Data
......
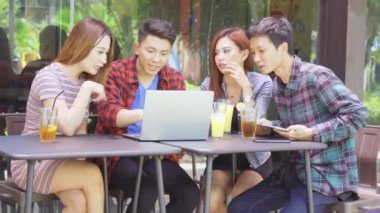 Bir grup genç, kafede dizüstü bilgisayar ve tablet kullanırken birlikte tartışıyorlar.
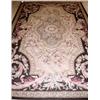 Image 1 : An Aubusson style needlepoint carpet, with all over scrolling floral design, 244 x 152cm   £300-500.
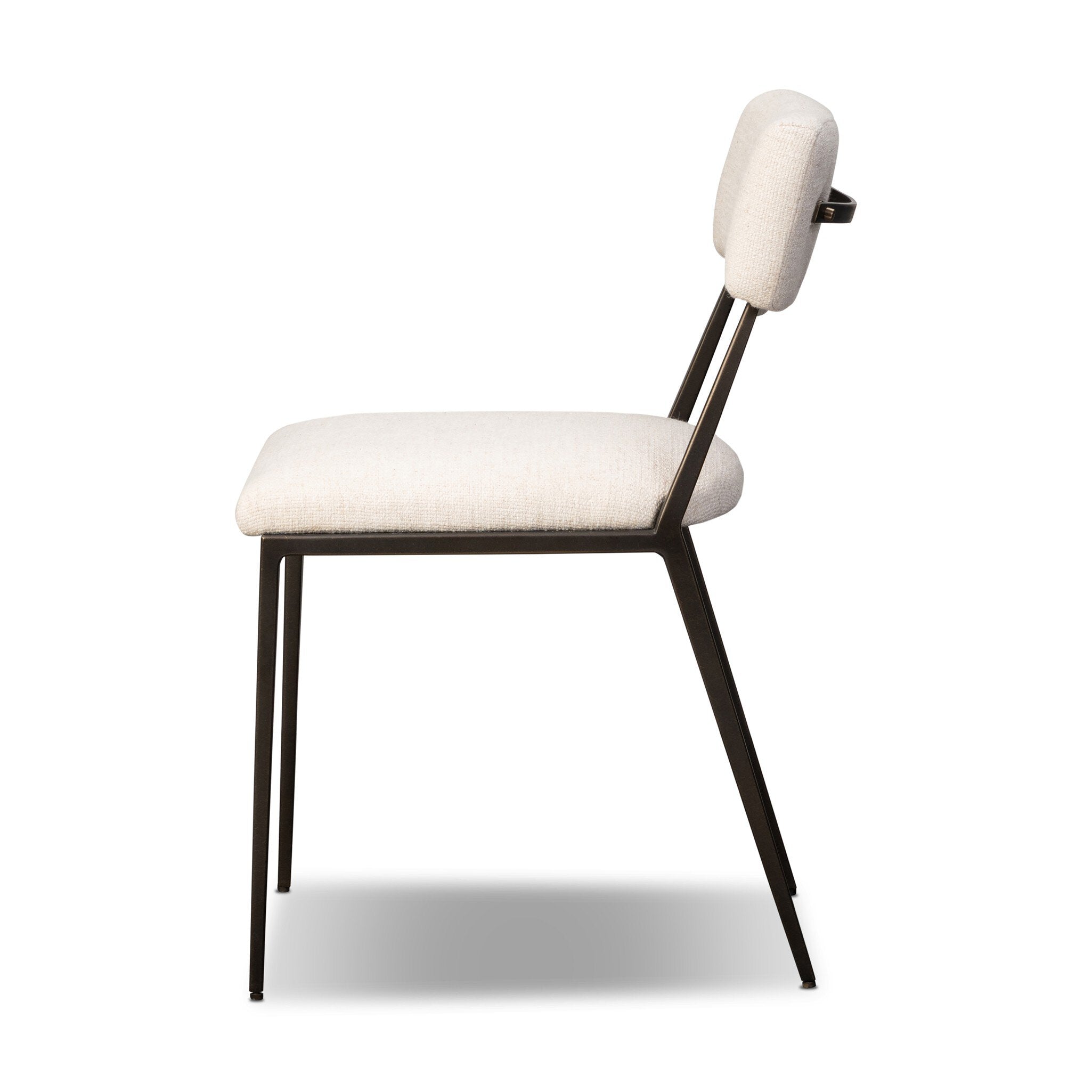 Modern chair with white cushioned seat and backrest on a white background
......
Activity
Transcribe every line of the data exactly. No pictures go in the copy.

Result for this task
 Bir grup genç, kafede dizüstü bilgisayar ve tablet kullanırken birlikte tartışıyorlar.
 Image 1 : An Aubusson style needlepoint carpet, with all over scrolling floral design, 244 x 152cm   £300-500.
 Modern chair with white cushioned seat and backrest on a white background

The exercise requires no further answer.